### [WHAT IS REQUIRED]
Give back the records below verbatim, please, but without a single image.

==== DATA SHOWN

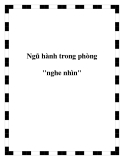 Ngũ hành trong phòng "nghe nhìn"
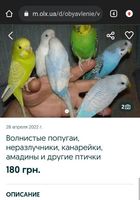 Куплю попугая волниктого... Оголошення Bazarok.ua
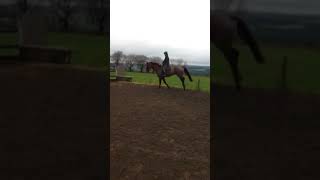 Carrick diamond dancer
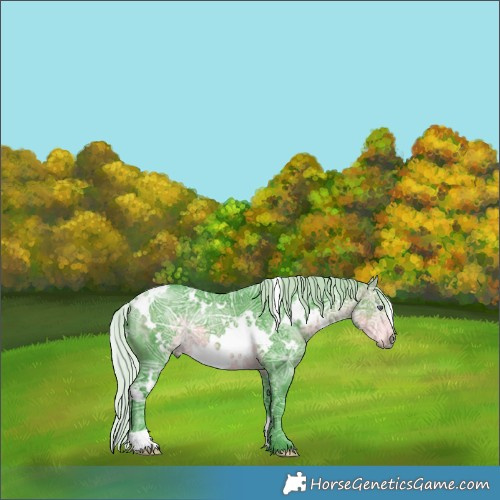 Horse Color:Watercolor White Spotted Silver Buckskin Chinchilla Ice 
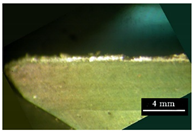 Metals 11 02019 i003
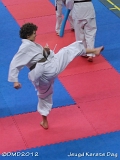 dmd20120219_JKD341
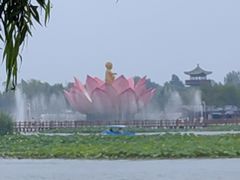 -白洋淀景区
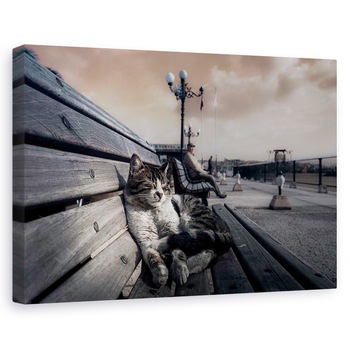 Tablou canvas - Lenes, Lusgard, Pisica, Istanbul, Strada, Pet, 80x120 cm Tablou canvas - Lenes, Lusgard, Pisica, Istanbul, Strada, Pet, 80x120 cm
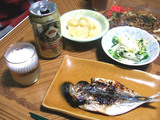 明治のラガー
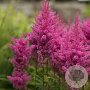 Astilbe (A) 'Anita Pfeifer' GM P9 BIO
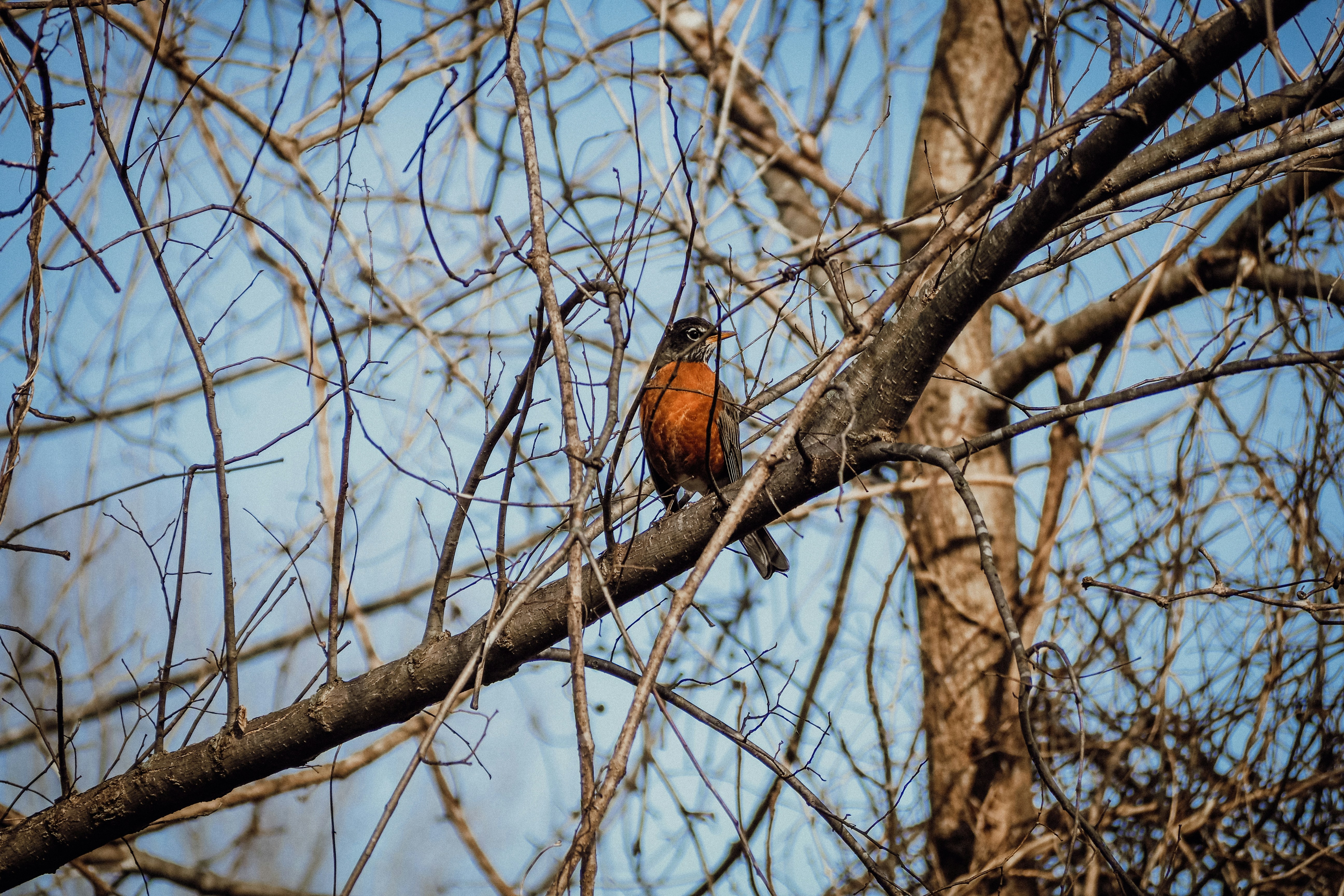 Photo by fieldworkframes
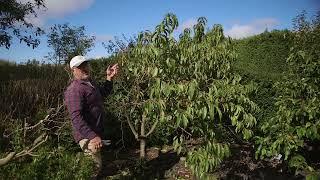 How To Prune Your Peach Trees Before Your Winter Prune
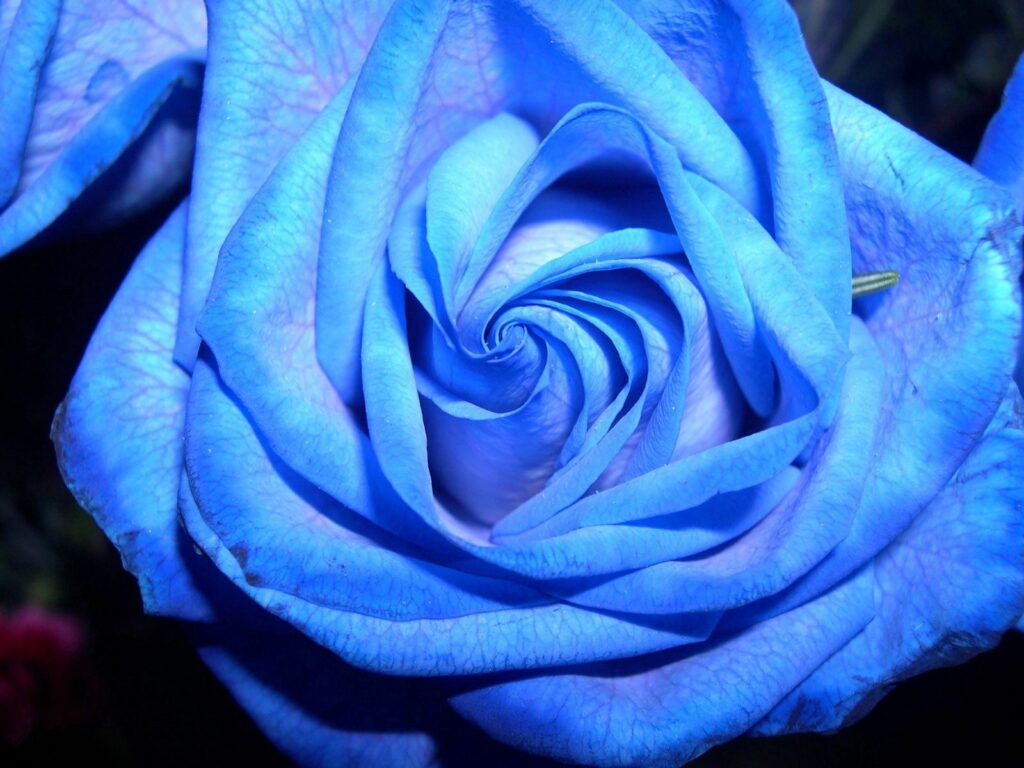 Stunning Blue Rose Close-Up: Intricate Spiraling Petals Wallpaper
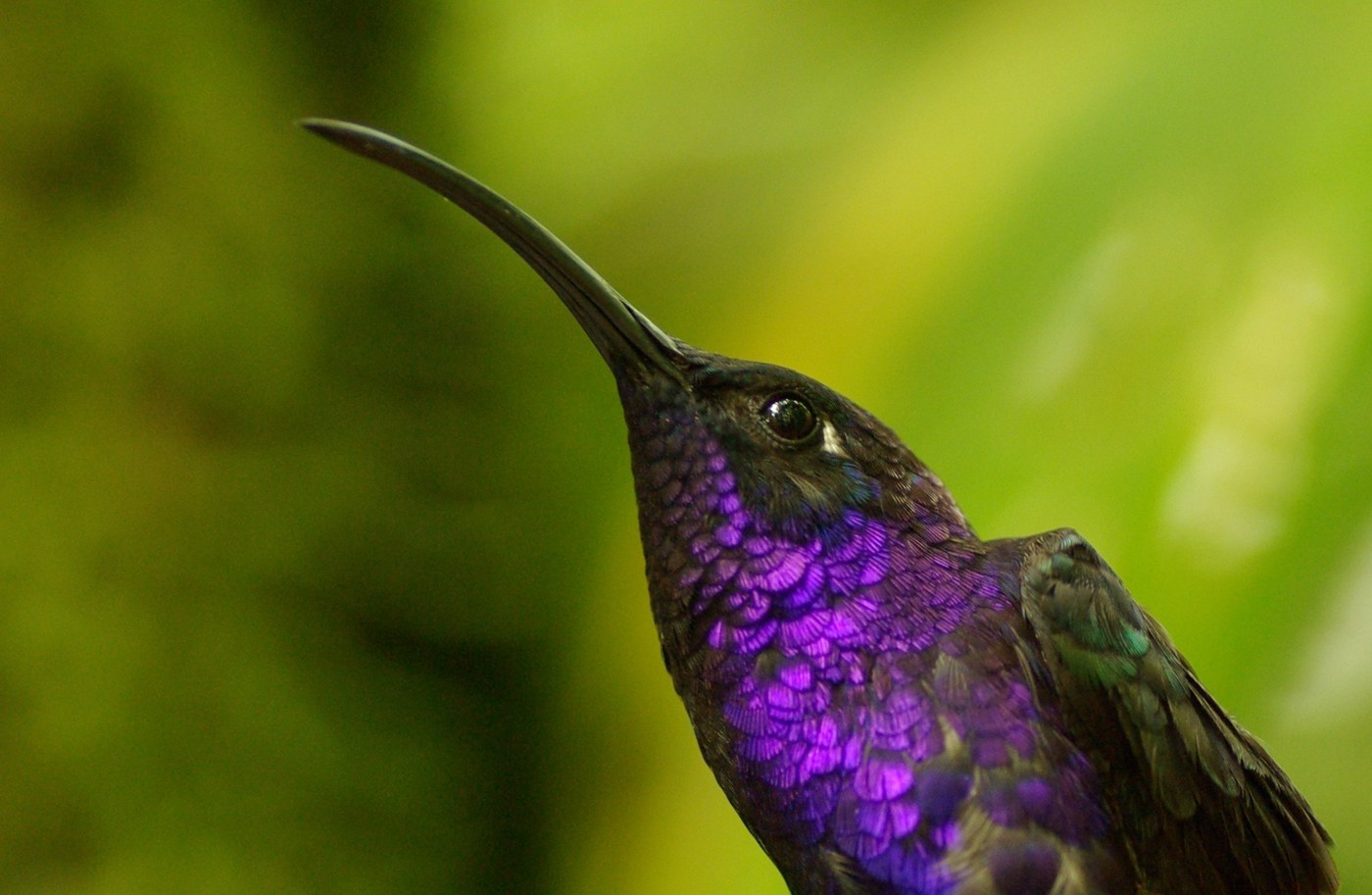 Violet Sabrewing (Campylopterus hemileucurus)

========

### [SOLVED EXERCISE]
 Ngũ hành trong phòng "nghe nhìn"
 Куплю попугая волниктого... Оголошення Bazarok.ua
 Carrick diamond dancer
 Horse Color:Watercolor White Spotted Silver Buckskin Chinchilla Ice 
 Metals 11 02019 i003
 dmd20120219_JKD341
 -白洋淀景区
 Tablou canvas - Lenes, Lusgard, Pisica, Istanbul, Strada, Pet, 80x120 cm Tablou canvas - Lenes, Lusgard, Pisica, Istanbul, Strada, Pet, 80x120 cm
 明治のラガー
 Astilbe (A) 'Anita Pfeifer' GM P9 BIO
 Photo by fieldworkframes
 How To Prune Your Peach Trees Before Your Winter Prune
 Stunning Blue Rose Close-Up: Intricate Spiraling Petals Wallpaper
 Violet Sabrewing (Campylopterus hemileucurus)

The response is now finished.